• _Records for this task_:
++++++++
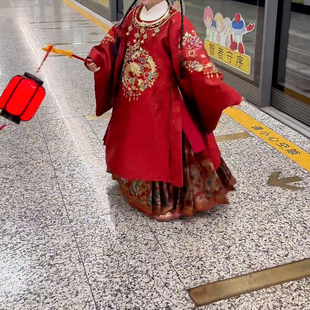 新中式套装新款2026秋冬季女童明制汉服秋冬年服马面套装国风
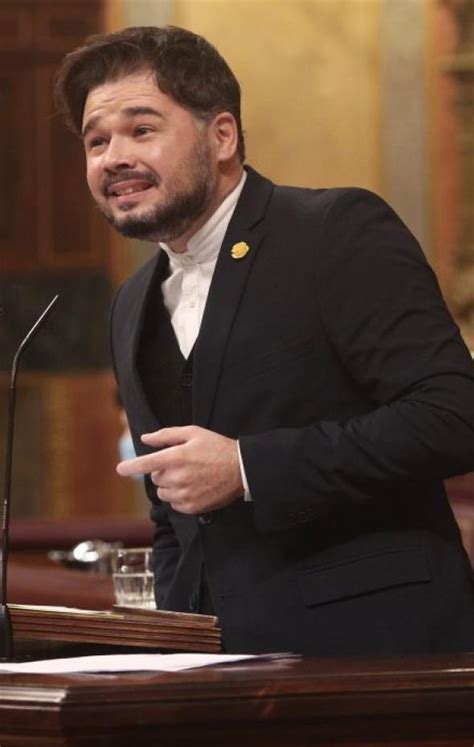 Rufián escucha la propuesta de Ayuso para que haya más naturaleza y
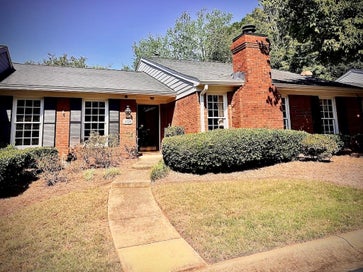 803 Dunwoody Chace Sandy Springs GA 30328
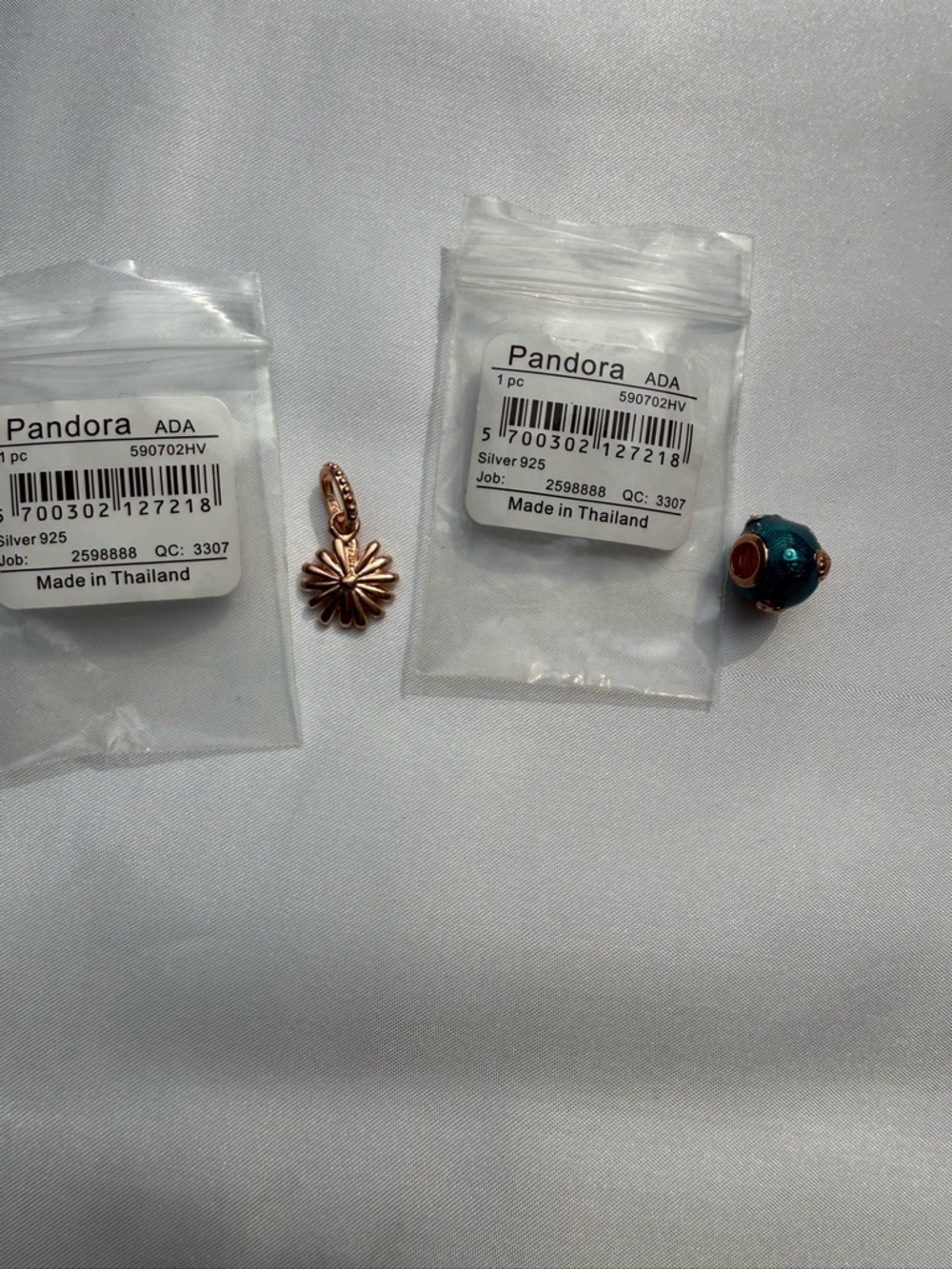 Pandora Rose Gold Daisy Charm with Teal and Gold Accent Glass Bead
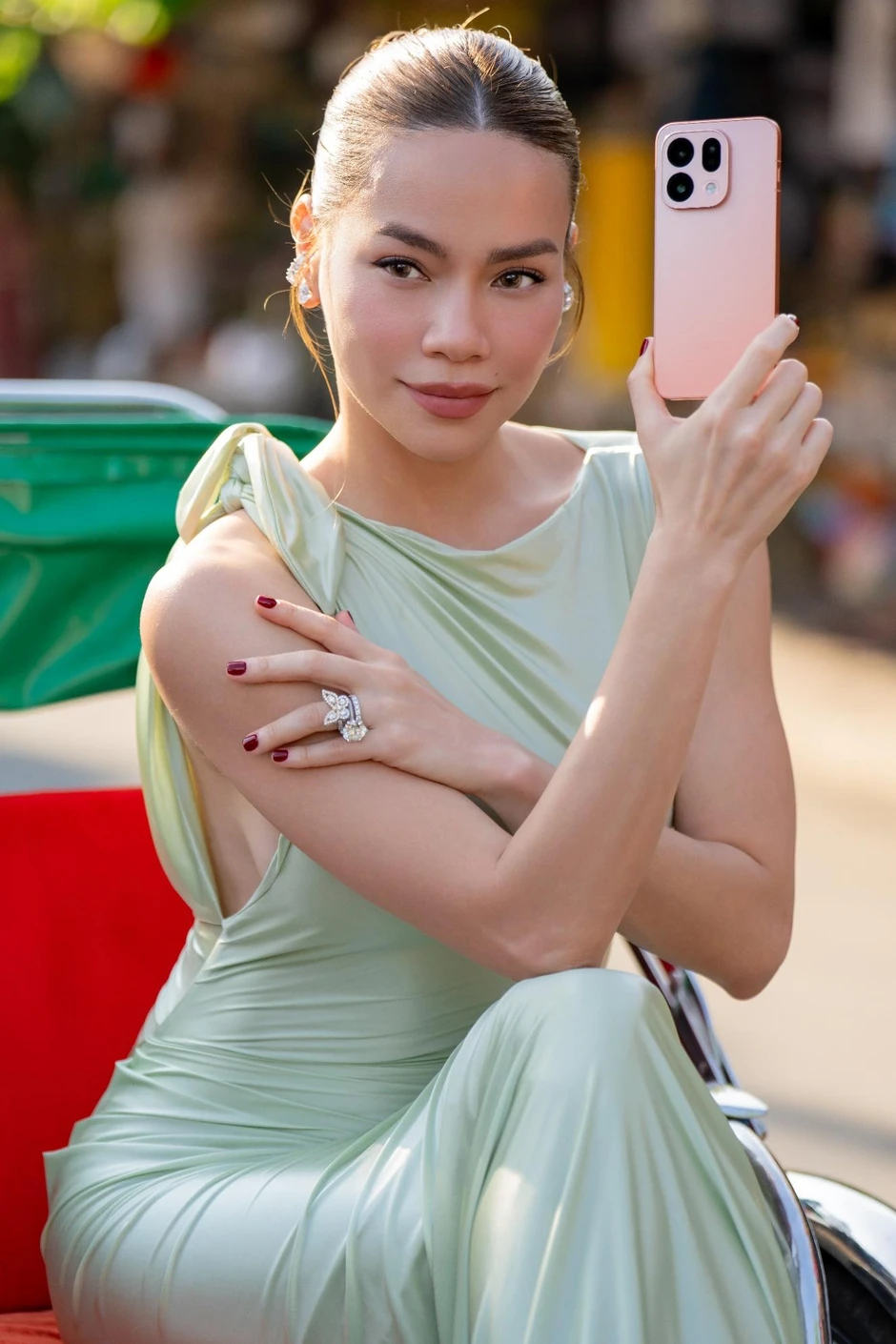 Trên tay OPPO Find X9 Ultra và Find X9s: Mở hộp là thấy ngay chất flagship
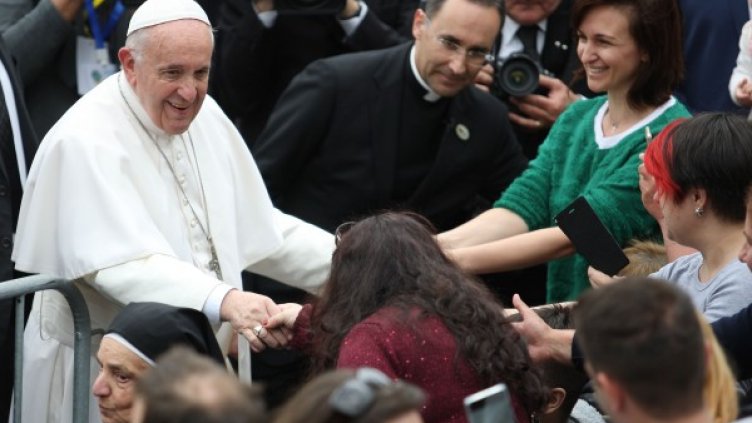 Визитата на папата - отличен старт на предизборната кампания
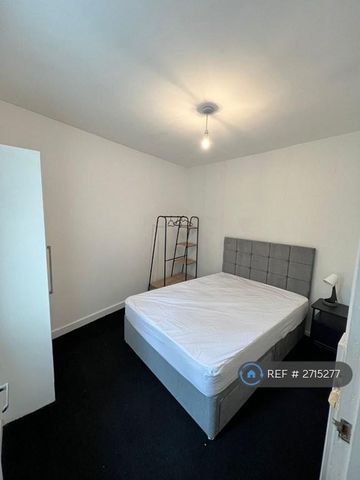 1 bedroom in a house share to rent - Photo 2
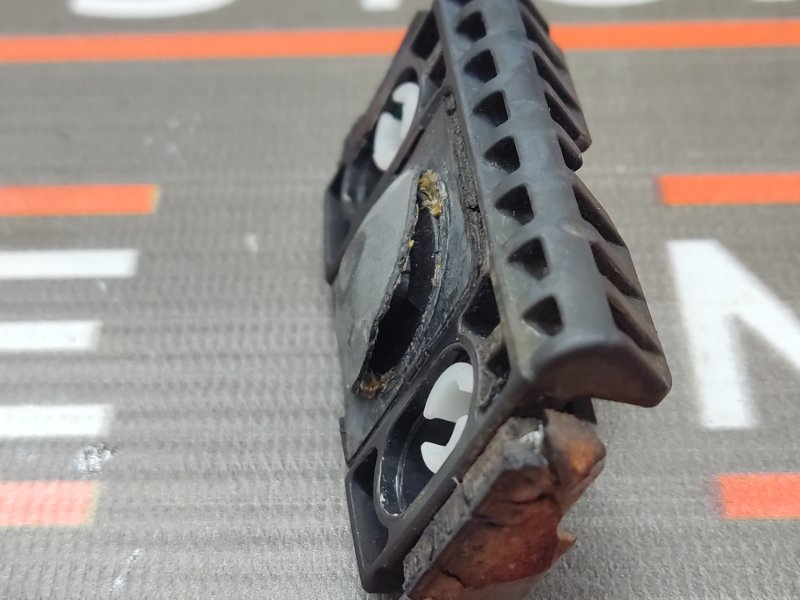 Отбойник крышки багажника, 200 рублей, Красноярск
++++++++
• _Task to complete_: Could you retype exactly, and only, the lines running from the one with "Визитата на папата" to the last line of the listing, while leaving any pictures out?

• _Solution to this task_:
 Визитата на папата - отличен старт на предизборната кампания
 1 bedroom in a house share to rent - Photo 2
 Отбойник крышки багажника, 200 рублей, Красноярск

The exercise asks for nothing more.